■ Task directions: Write out only the lines from the line that holds "Exklusive 4 Zimmer" to the end of the listing below, inclusive, with the pictures omitted.

■ Record set:
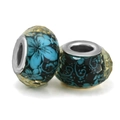 Teal glass large hole charms with black floral patterns and faceted resin surface - Teal Faceted Floral Texture (025)
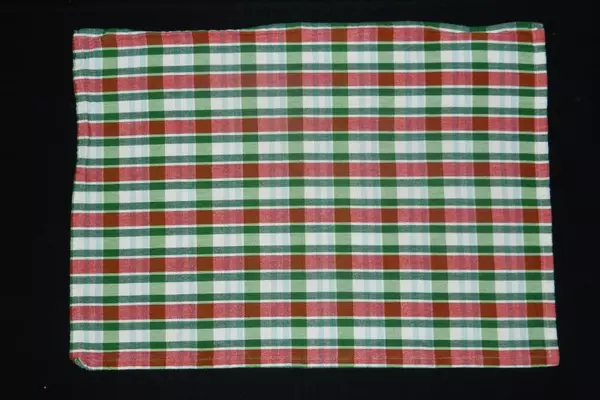 Lot of 5 Christmas Kitchen Linens Hand Towels Napkins Cross Stitch Red Green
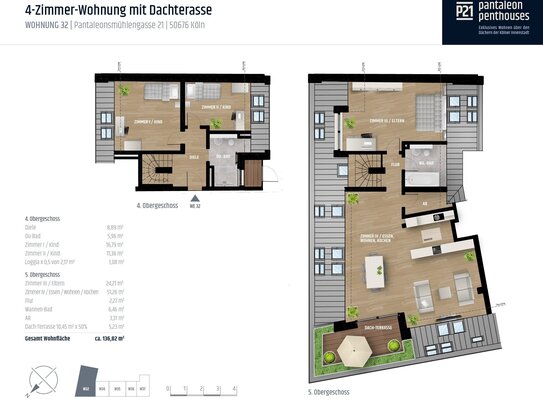 Exklusive 4 Zimmer Penthouse-Maisonettewohnung im Herzen Kölns, Neubau - Erstbezug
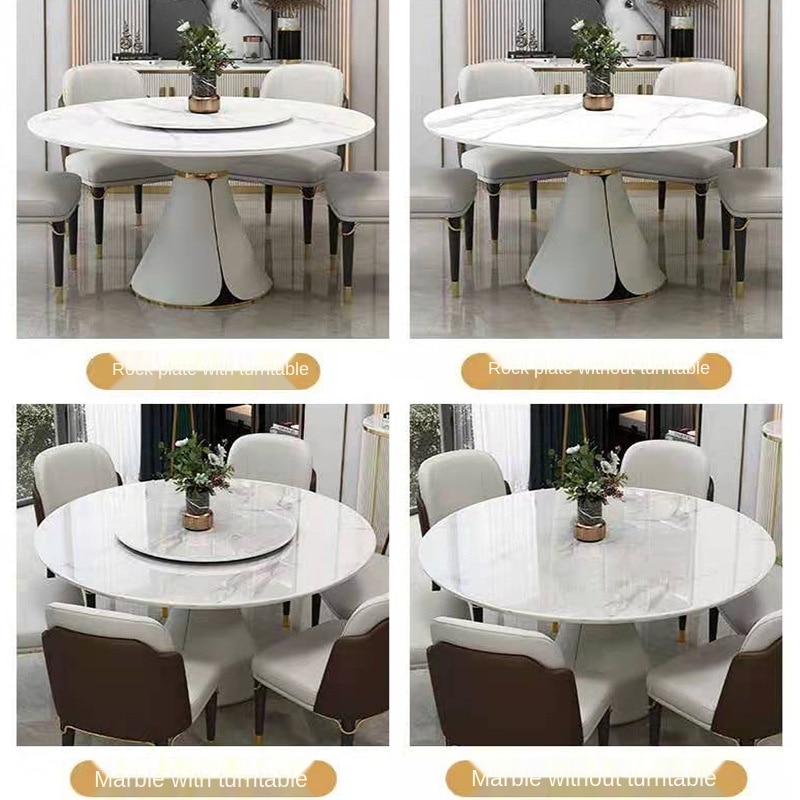 Round household dining table and chair combined round dining table with turntable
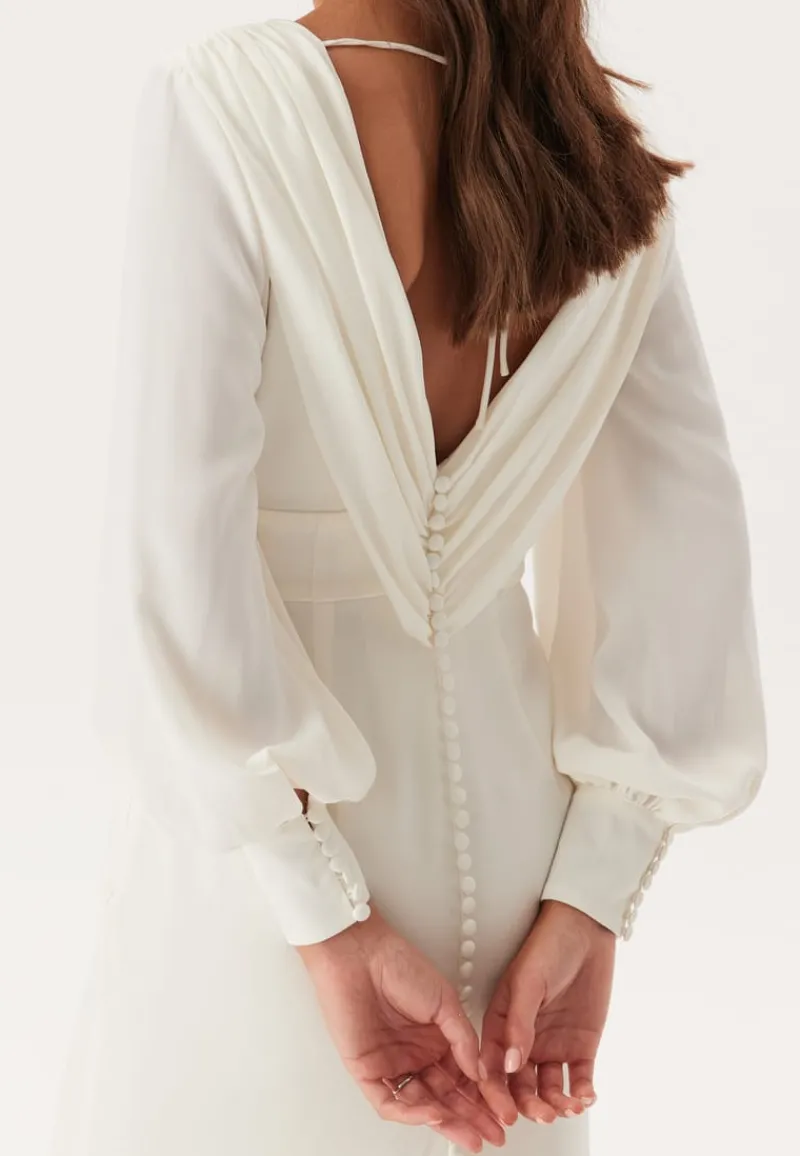 Bubbleroom Occasion Waterfall Back Satin Wedding Gown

■ Exercise output:
 Exklusive 4 Zimmer Penthouse-Maisonettewohnung im Herzen Kölns, Neubau - Erstbezug
 Round household dining table and chair combined round dining table with turntable
 Bubbleroom Occasion Waterfall Back Satin Wedding Gown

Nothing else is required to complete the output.